- Born: 1929
- Died: December 28, 1991 (aged 62) Lovettsville, Virginia, US
- Education: Harvard University
- Occupation: Journalist
- Spouse: Jane Schwartz Brookes

= Warren T. Brookes =

American journalist (1929–1991)

Warren T. Brookes (1929 – December 28, 1991) was a journalist with the Boston Herald and the Detroit News and a nationally syndicated columnist known for his conservative political and economic views.

== Biography ==

Brookes graduated in 1952 from Harvard University with honors in economics and was thereafter employed by the Kimberly-Clark Corporation. In 1975, he joined the
Boston Herald; a decade later he joined the editorial page staff of the Detroit News. His column, written from Washington, D.C., appeared in sixty
newspaper on Mondays and Thursdays. He frequently challenged liberal economic and environmental ideas.

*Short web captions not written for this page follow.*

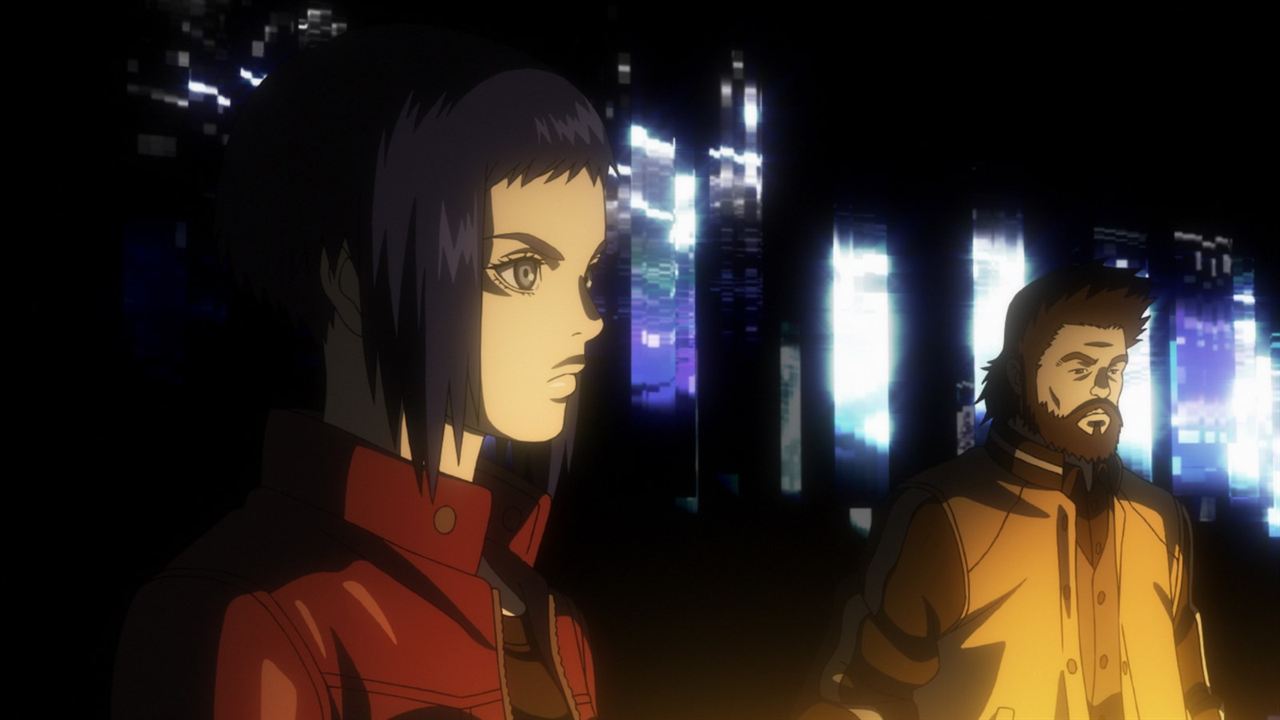 Ghost in the Shell: The New Movie : Photo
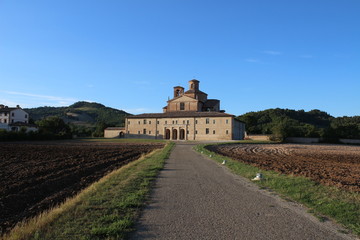 Ducal Palace of Urbania ( Sant'Anglo in Vado, Marche,  Italy)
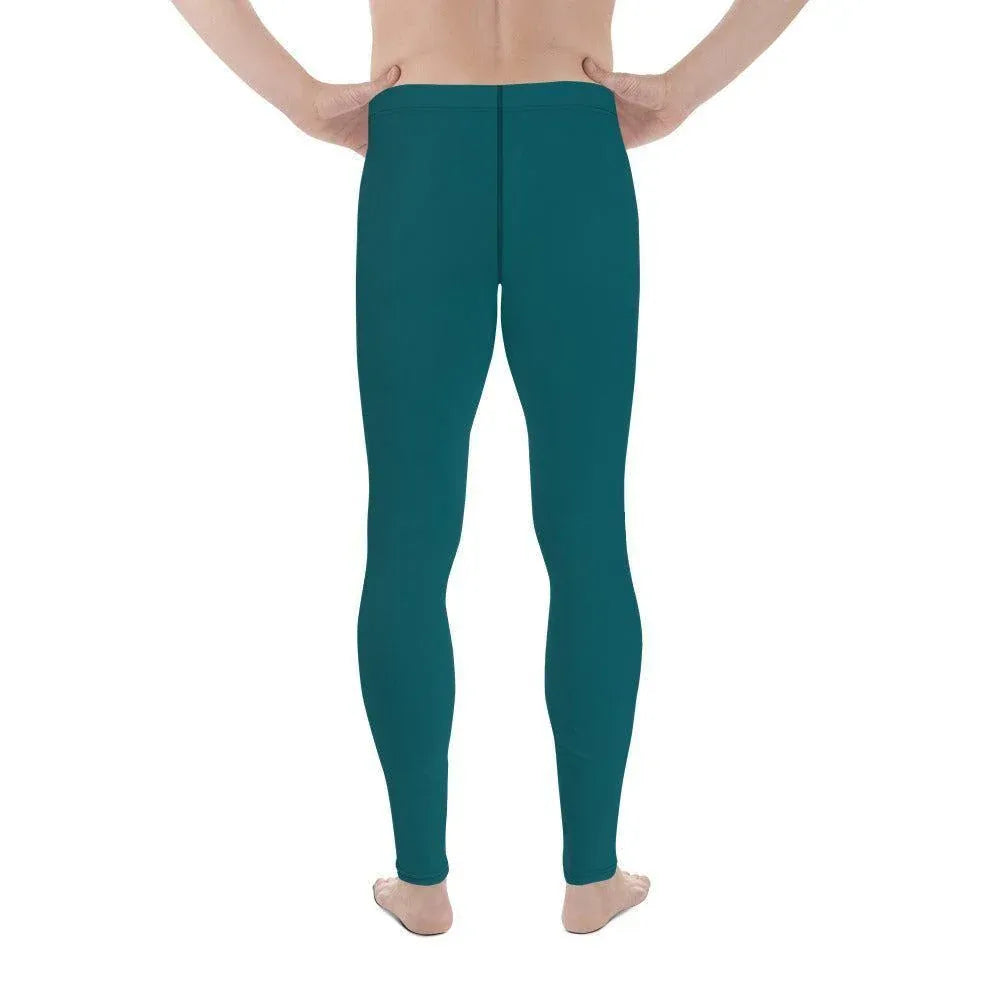 sherpa-blau-herren-leggings-leggings-jlr-design-2 - JLR Design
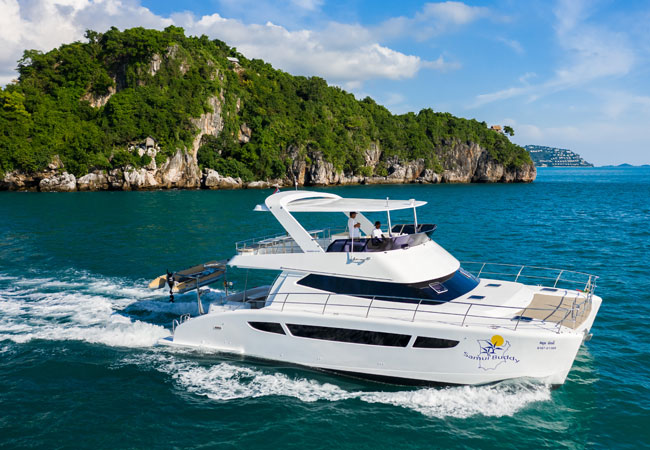 Samui Buddy Flybridge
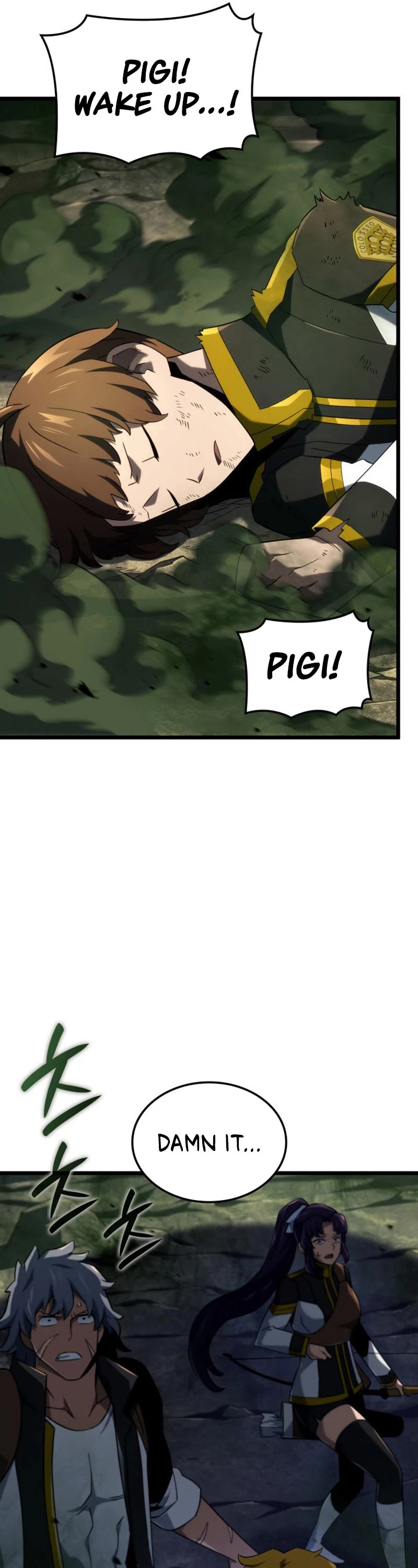 Revenge of the Sword Clan's Hound chapter 94 page 53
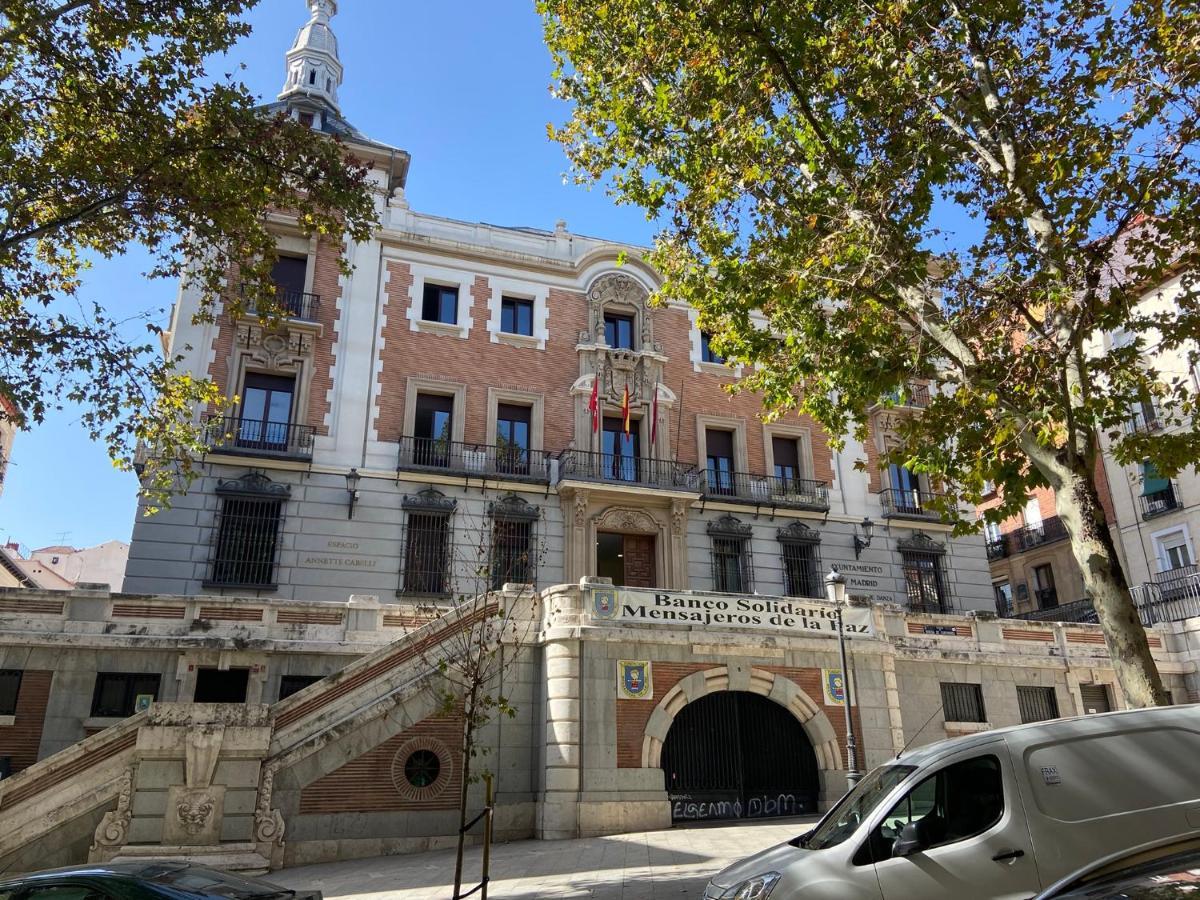 El Rastro - Madrid Centro, Premium Apartment Екстериор снимка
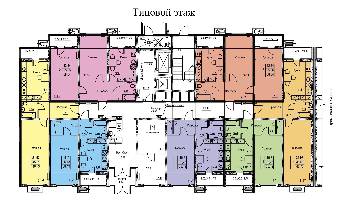 Квартиры от застройщика, Анапа  от 38.49 м² - Объект продан
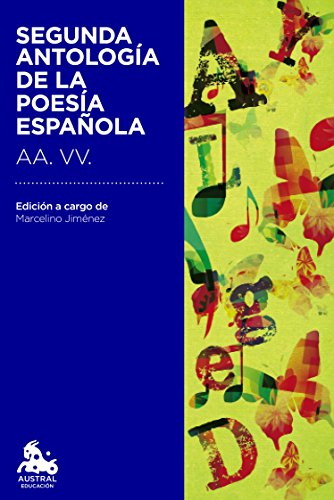 Stock image for Segunda antologa de la poesa española: Edici n a cargo de Marcelino Jim nez Le n for sale by Better World Books: West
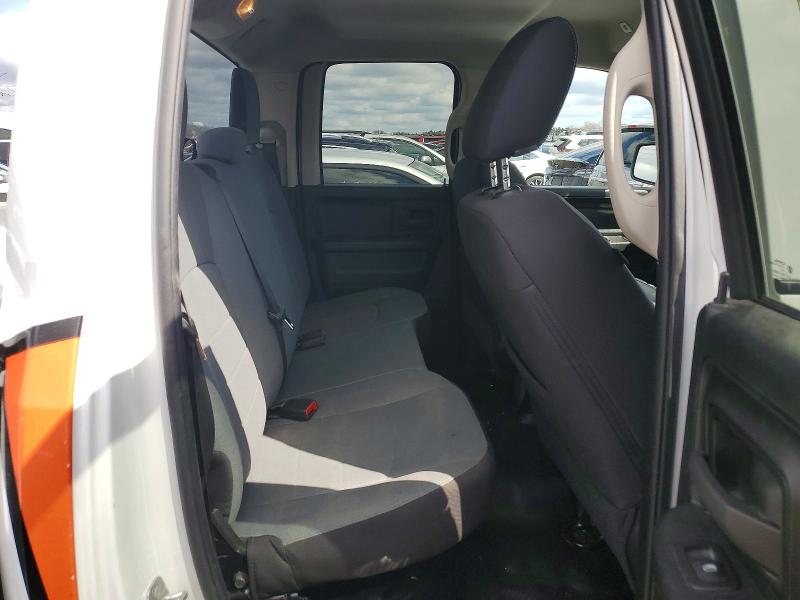 Продажа на аукционе авто 2022 Ram 1500 Classic, vin: 1C6RR7FG5NS246572, номер лота: 48929776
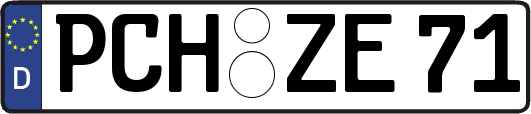 PCH-ZE71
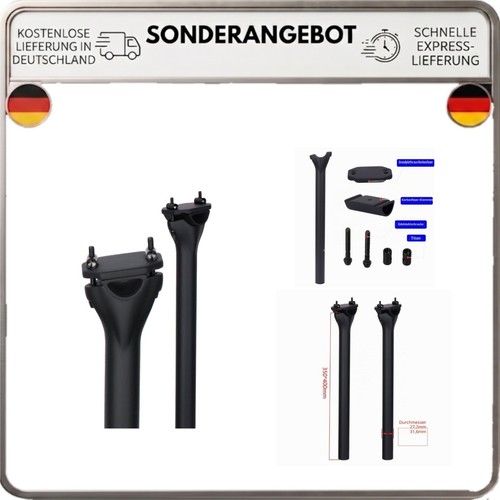 Qiku carbon sattelstütze - qiku,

The Competitive Enterprise Institute, shortly before his passing, established the Warren T. Brookes Journalism Fellowship to identify and train journalists who wish to improve their knowledge of environmental issues and free market economics. The American Legislative Exchange Council (ALEC) presents the annual Warren Brookes Award for Excellence in Journalism.

Brookes was posthumously awarded the 1992 Gerald Loeb Award for Commentary.